First nationwide lockdown was legally effective from 1:00pm on 26th March 2020.
Initially, all “non-essential” high street businesses were closed and people were ordered to stay at home, permitted to leave for essential purposes only, such as buying food or for medical reasons. Starting in May 2020, the laws were slowly relaxed. People were permitted to leave home for outdoor recreation (beyond exercise) from 13 May. On 1 June, the restriction on leaving home was replaced with a requirement to be home overnight, and people were permitted to meet outside in groups of up to six people.
Second national lockdown (November 2020)
On 5 November 2020, national restrictions were reintroduced in England.

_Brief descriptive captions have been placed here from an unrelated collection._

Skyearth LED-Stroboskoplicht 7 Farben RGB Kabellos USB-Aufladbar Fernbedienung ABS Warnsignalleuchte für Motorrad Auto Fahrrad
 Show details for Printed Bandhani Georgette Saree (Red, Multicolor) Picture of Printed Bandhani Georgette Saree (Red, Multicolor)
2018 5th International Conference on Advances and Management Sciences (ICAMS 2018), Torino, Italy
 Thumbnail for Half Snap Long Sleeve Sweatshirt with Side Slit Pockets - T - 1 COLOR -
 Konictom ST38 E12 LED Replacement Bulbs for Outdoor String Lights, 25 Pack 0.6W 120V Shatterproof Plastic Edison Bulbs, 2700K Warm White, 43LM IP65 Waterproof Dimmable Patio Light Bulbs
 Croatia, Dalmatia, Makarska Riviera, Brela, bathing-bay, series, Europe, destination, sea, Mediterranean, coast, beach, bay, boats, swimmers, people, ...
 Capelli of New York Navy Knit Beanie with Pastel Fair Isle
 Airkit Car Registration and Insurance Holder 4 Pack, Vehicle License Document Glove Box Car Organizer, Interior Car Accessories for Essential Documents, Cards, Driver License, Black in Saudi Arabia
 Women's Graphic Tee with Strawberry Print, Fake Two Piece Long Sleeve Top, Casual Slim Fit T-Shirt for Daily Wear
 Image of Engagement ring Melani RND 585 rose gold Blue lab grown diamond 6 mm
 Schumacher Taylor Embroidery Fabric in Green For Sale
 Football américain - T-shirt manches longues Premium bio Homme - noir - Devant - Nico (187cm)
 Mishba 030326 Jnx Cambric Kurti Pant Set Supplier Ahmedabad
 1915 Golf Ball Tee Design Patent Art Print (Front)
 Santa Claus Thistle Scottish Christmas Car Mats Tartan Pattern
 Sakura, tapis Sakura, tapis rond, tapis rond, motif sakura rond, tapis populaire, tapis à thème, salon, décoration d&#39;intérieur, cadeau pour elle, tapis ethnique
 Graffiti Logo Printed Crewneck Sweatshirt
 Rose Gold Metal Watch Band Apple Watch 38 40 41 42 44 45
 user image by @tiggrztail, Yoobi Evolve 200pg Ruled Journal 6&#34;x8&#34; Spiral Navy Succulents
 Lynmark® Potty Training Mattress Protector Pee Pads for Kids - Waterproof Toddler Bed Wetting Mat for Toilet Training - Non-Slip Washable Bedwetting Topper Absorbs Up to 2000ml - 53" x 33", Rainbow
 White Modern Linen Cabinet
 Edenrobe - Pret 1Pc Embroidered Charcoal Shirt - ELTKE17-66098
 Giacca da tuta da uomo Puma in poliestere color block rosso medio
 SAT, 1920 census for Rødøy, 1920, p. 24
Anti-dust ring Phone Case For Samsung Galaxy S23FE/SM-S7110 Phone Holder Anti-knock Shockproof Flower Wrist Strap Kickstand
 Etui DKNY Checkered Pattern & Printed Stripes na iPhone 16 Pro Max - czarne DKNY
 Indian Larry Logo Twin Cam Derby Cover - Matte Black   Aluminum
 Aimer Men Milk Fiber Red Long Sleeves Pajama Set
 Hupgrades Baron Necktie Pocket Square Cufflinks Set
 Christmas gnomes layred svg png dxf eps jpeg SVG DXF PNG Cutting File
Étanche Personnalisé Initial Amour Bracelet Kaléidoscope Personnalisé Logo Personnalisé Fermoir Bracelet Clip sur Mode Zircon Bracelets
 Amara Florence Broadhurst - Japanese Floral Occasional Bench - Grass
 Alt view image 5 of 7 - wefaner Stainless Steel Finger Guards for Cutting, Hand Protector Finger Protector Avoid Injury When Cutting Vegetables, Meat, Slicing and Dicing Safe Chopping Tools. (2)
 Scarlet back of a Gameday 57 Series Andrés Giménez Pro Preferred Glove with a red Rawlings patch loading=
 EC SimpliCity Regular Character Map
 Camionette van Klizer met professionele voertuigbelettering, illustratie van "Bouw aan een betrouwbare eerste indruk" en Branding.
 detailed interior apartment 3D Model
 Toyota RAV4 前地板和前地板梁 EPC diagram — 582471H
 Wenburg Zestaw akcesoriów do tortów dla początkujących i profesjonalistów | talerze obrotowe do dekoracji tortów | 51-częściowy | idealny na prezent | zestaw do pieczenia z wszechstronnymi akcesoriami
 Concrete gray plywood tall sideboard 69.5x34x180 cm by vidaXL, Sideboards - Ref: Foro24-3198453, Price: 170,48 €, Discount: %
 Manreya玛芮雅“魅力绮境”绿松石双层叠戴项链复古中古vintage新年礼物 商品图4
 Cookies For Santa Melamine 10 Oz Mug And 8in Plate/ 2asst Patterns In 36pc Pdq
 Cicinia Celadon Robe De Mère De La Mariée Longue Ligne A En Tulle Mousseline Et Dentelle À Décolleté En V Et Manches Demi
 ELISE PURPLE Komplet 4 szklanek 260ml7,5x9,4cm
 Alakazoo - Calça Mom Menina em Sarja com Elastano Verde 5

During the second national lockdown, non-essential high street businesses were closed, and people were prohibited from meeting those not in their “support bubble” inside. People could leave home to meet one person from outside their support bubble outdoors.
Third national lockdown (January to March 2021)
Following concerns that the four-tier system was not containing the spread of the Alpha variant, national restrictions were reintroduced for a third time on 6 January 2021.
The rules during the third lockdown were more like those in the first lockdown. People were once again told to stay at home. However, people could still form support bubbles (if eligible) and some gatherings were exempted from the gatherings ban (for example, religious services and some small weddings were permitted).